Offbeat 24 July 2015
From what I can gather on the web, there are a lot of questions about conceptual artists, but most particularly a guy called Damien Hirst who got really well-known when he started stuffing somewhat gruesome bisected animals in glass tanks full of formaldehyde, but also for a diamond encrusted skull and vast amounts of polka dots on huge canvasses.
The thing is that the critics are beginning to hate him, and reckon the prices that he gets for his work are way too high. Each piece of his work sells for many millions of pounds, and I read somewhere that he is personally worth about 350 million pounds. If you need a bunch of polka dots on a large canvas, get in touch with me immediately. I can do it for a couple of hundred thousand dollars, even on a wall if you want an immovable asset.
There are other artists who go at very high prices. Tracey Emin’s messy bed sold for a couple of million pounds, and Jeff Koonz’s balloon dog sold for over 58 million dollars, making him the most expensive living artist of all time. If you give me a million dollars, I will personally get training in how to blow balloons and twist them into animal shapes, though I am having a half price special on Namibian wurst shapes. Make me a decent cash offer on my bed and I may throw in the bedside table as well, undusted.
All of this wittily said, I refuse to contribute to the undertone of outrage, which I will proceed to riff on, with or without balloons.
No irony, sarcasm or ‘snark’ intended, I really need that sort of conceptual art in my life, even if I don’t fully understand it or can’t afford it even in my wildest dreams. My life, and I suppose yours, is a series of routines that often translate into unnoticeable ruts. When I look at something new by Koonz or Emin or Hirst, my routine thought processes are disrupted, almost like a slap to my head, reminding me that there are different things in the world. It’s sort of like an instant day off in a month full of dreary, repetitive tasks. One look also reminds me that I have a rut, and that I should at least be aware of the rut. That’s incredibly valuable, even if it is a quick glimpse of something on the web. If it comes with a photo of Tracey Emin smiling, that’s an added bonus, because she has one of those ones that remind me of sin.

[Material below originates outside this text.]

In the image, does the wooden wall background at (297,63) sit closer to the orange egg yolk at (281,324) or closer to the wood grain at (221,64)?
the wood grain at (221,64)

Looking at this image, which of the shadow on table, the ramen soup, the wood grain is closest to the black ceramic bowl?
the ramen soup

One of the things that the critics gripe about is the shortage of painstaking technique. Apparently art should take time. I’m not sure about that at all. The first thing I can say is that there are plenty of houses filled with kitsch items in fake gilt frames that are mass produced in Asia. Don’t be fooled by the texture of the paint. That can be done by printer application.
I am not sure about the appropriateness of having teams doing the job, as directed by the artist, another gripe of the critics. I might appreciate the hand of the artist, but I am also aware that the practice of giving assistants creative heartburn stretches back at least to the old masters of the Renaissance.
The other thing that the critics gripe about is the element of showmanship. Critics obviously aren’t aware that salesmanship is extremely dependent on showmanship and that, perhaps, money in the pocket enables artists to do things like eat.
So what the whole complaint boils down to is that people are selling bizarre bits of art, produced by showmen who direct teams, for vast amounts of money. I really can’t say that I have a problem with that. Nations use teams of soldiers to deliver huge amounts of explosive power, and everybody takes a look at that as well. Artists don’t kill people, so they do a good job, with the possible exception of the guy who nailed his testicles to the cobblestones in Red Square. He might be classified as suicidal, but I doubt anyone will follow his example.
I’m a sensation seeker. I need new ideas in my head. If that is a balloon dog or a canvas full of polka dots, that is fine with me as well. I’m going to ignore the critics and enjoy my inner weirdness.